10.1. The Client shall be responsible for the orderly conduct of all guests attending the Event, and shall ensure that nothing shall be done which will constitute a breach of the law or in any way cause a nuisance or be an infringement of or render a possible forfeiture or endorsement of any licenses for the sale of wine, beer, spirits or for music and dancing or exhibition. In particular (but without limitation) the Client shall ensure that there is no illegal use of narcotics, betting or gaming.
10.2. No food or drink shall be brought to the Event by the Client’s guests for consumption on the Event premises unless agreed by JustSeventy.
10.3. The Client and its employees or representatives agree to recognise and comply with any applicable laws and regulations in connection with and during any Event.
10.4. The Client agrees to fully indemnify JustSeventy from and against any losses arising out of its breach of clause 10.1, 10.2 and 10.3.
10.5. JustSeventy reserves the right to restrict entrance to the premises if the total number of guests on the premises exceeds the maximum as agreed by both parties in the Proposal or in any Key Provider agreement and / or the maximum number of guests on the premises as stated on JustSeventy’s licence; or if admission of a guest to JustSeventy would be in breach of licensing regulations for reasons including, without limitation, the intoxication of a guest of the Client.
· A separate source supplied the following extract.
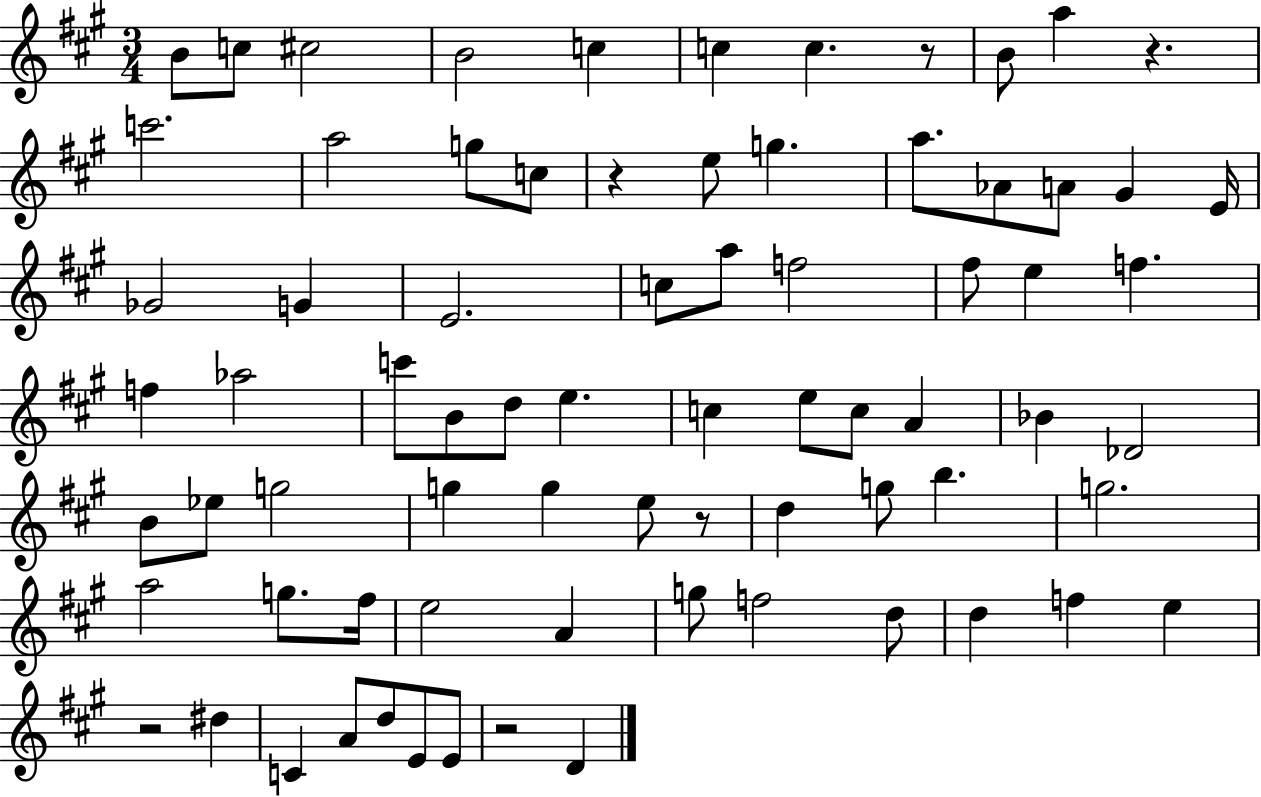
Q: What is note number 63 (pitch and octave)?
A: D#5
11.1. The Client agrees that JustSeventy may, use in advertising, publicity, marketing or other promotional materials or activities images of or relating to the Event, provided that the images do not name or identify any individual.
11.2. JustSeventy must provide the Client with a copy of any invitation using the Client’s name or any the Client’s images prior to each event for proofing.
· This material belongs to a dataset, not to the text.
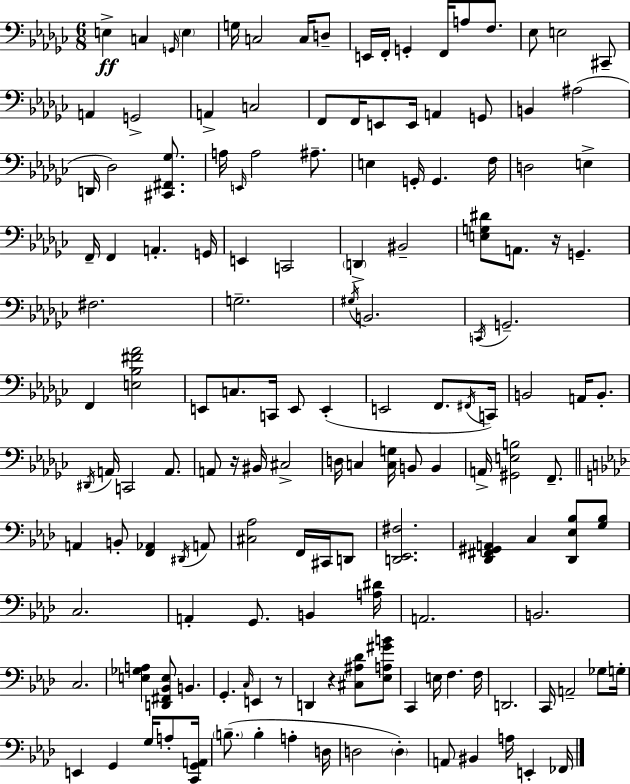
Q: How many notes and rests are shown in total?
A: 148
12.1. Each party acknowledges that the other and/or its employees may, in the course of JustSeventy providing the Services to the Client, be exposed to or acquire non-public information which is proprietary to or confidential to the other party or its affiliates, or third parties to whom that party owes a duty of confidentiality. Each party agrees to hold such information in strict confidence and not to disclose such confidential information to third parties or to use such information for any purpose whatsoever other than in connection with the provision of the Services to the Client and to advise each of its employees who may be exposed to confidential information of their obligation to keep such information confidential.
13.1. This Agreement shall not be capable of assignment by either Party without the prior written consent of the other Party.
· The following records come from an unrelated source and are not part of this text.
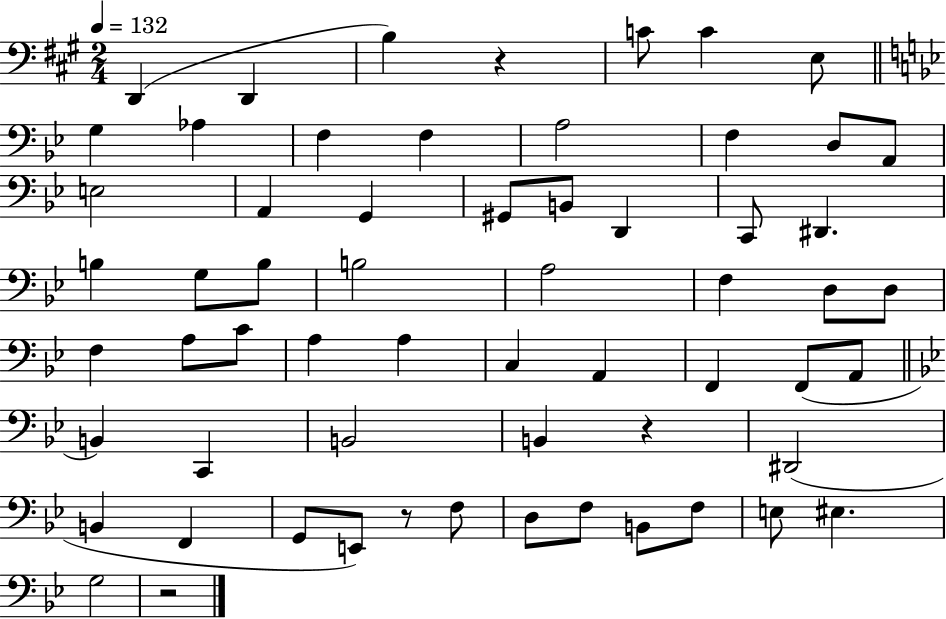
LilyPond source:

{
  \clef bass
  \numericTimeSignature
  \time 2/4
  \key a \major
  \tempo 4 = 132
  \repeat volta 2 { d,4( d,4 | b4) r4 | c'8 c'4 e8 | \bar "||" \break \key bes \major g4 aes4 | f4 f4 | a2 | f4 d8 a,8 | \break e2 | a,4 g,4 | gis,8 b,8 d,4 | c,8 dis,4. | \break b4 g8 b8 | b2 | a2 | f4 d8 d8 | \break f4 a8 c'8 | a4 a4 | c4 a,4 | f,4 f,8( a,8 | \break \bar "||" \break \key bes \major b,4) c,4 | b,2 | b,4 r4 | dis,2( | \break b,4 f,4 | g,8 e,8) r8 f8 | d8 f8 b,8 f8 | e8 eis4. | \break g2 | r2 | } \bar "|."
}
14.1. Nothing in the Agreement shall constitute or be deemed to constitute a partnership between JustSeventy and the Client.
14.2. Either party’s failure to exercise any particular right or provision of this Agreement shall not constitute a waiver of such right or provision.
14.3. Every provision of the Agreement is separate and distinct from all of the other provisions and in the event that any provision of the Agreement is or becomes illegal, void and invalid, it shall not be construed against the other provisions, nor effect the legality and validity of the other provisions.
14.4. A person who is not a party to this Agreement has no right under the Contracts (Rights of Third Parties) Act 1999 or otherwise to rely upon or enforce any term of this Agreement.
14.5. No amendment or other variation to these Terms and Conditions shall be effective unless it is in writing, is dated, and is signed by or on behalf of each of the parties.
14.6. All rights, remedies and powers conferred on the parties by this Agreement are cumulative and shall not be deemed to be exclusive of any other rights, remedies or powers or subsequently conferred on them by law or otherwise.
15. Governing Law
15.1. English law shall apply to this Agreement, and the parties agree to submit to the exclusive jurisdiction of the English courts.